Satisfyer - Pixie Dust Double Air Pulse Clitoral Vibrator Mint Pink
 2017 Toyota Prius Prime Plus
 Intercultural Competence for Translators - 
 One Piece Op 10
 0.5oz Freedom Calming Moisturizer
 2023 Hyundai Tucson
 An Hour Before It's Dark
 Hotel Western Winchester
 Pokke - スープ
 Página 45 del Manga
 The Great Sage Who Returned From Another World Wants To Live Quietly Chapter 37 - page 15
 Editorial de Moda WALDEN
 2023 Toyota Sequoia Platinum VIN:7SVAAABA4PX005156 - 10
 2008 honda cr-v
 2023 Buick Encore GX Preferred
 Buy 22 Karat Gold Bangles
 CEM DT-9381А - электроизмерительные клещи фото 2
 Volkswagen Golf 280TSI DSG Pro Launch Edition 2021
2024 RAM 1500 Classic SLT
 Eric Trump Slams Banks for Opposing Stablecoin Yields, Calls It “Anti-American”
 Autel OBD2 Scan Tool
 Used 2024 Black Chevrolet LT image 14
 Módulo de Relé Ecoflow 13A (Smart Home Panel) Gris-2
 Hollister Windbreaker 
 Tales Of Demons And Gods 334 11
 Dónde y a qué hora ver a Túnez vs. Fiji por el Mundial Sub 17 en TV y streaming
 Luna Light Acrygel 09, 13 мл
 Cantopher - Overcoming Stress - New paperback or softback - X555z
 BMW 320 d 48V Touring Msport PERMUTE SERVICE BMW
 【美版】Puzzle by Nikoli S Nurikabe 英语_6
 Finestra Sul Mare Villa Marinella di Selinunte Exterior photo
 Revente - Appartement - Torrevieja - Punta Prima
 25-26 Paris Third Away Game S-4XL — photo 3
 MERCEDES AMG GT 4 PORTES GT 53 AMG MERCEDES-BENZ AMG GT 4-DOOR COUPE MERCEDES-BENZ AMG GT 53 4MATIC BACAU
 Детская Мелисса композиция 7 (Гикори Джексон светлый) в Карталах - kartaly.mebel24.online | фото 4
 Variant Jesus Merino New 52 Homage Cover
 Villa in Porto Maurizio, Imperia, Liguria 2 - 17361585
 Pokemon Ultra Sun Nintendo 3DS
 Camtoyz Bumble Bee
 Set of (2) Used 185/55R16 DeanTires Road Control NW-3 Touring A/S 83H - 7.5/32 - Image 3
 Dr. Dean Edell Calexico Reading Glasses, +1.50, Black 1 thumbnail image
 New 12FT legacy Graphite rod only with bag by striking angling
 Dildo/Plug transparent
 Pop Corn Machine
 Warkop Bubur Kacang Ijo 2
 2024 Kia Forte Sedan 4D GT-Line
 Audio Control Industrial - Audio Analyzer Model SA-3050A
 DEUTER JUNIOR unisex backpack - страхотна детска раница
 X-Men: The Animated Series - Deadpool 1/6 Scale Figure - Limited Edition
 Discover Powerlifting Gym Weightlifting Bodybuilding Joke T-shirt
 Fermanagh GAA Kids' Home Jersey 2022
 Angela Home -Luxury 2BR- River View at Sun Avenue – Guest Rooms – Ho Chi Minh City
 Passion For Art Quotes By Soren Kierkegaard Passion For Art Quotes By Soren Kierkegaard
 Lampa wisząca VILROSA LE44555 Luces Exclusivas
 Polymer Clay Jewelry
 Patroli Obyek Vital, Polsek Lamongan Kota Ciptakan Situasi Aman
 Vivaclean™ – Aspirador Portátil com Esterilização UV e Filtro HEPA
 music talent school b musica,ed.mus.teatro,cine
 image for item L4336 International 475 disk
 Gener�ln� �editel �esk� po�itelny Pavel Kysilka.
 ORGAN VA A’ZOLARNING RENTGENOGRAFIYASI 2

##########

▸ Work instructions: In the data above, which lines lie between the line with "Intercultural Competence for" and the line with "2024 Kia Forte Sedan 4D GT-Line", inclusive? Print those lines exactly and nothing else.

▸ Problem solution:
 Intercultural Competence for Translators - 
 One Piece Op 10
 0.5oz Freedom Calming Moisturizer
 2023 Hyundai Tucson
 An Hour Before It's Dark
 Hotel Western Winchester
 Pokke - スープ
 Página 45 del Manga
 The Great Sage Who Returned From Another World Wants To Live Quietly Chapter 37 - page 15
 Editorial de Moda WALDEN
 2023 Toyota Sequoia Platinum VIN:7SVAAABA4PX005156 - 10
 2008 honda cr-v
 2023 Buick Encore GX Preferred
 Buy 22 Karat Gold Bangles
 CEM DT-9381А - электроизмерительные клещи фото 2
 Volkswagen Golf 280TSI DSG Pro Launch Edition 2021
2024 RAM 1500 Classic SLT
 Eric Trump Slams Banks for Opposing Stablecoin Yields, Calls It “Anti-American”
 Autel OBD2 Scan Tool
 Used 2024 Black Chevrolet LT image 14
 Módulo de Relé Ecoflow 13A (Smart Home Panel) Gris-2
 Hollister Windbreaker 
 Tales Of Demons And Gods 334 11
 Dónde y a qué hora ver a Túnez vs. Fiji por el Mundial Sub 17 en TV y streaming
 Luna Light Acrygel 09, 13 мл
 Cantopher - Overcoming Stress - New paperback or softback - X555z
 BMW 320 d 48V Touring Msport PERMUTE SERVICE BMW
 【美版】Puzzle by Nikoli S Nurikabe 英语_6
 Finestra Sul Mare Villa Marinella di Selinunte Exterior photo
 Revente - Appartement - Torrevieja - Punta Prima
 25-26 Paris Third Away Game S-4XL — photo 3
 MERCEDES AMG GT 4 PORTES GT 53 AMG MERCEDES-BENZ AMG GT 4-DOOR COUPE MERCEDES-BENZ AMG GT 53 4MATIC BACAU
 Детская Мелисса композиция 7 (Гикори Джексон светлый) в Карталах - kartaly.mebel24.online | фото 4
 Variant Jesus Merino New 52 Homage Cover
 Villa in Porto Maurizio, Imperia, Liguria 2 - 17361585
 Pokemon Ultra Sun Nintendo 3DS
 Camtoyz Bumble Bee
 Set of (2) Used 185/55R16 DeanTires Road Control NW-3 Touring A/S 83H - 7.5/32 - Image 3
 Dr. Dean Edell Calexico Reading Glasses, +1.50, Black 1 thumbnail image
 New 12FT legacy Graphite rod only with bag by striking angling
 Dildo/Plug transparent
 Pop Corn Machine
 Warkop Bubur Kacang Ijo 2
 2024 Kia Forte Sedan 4D GT-Line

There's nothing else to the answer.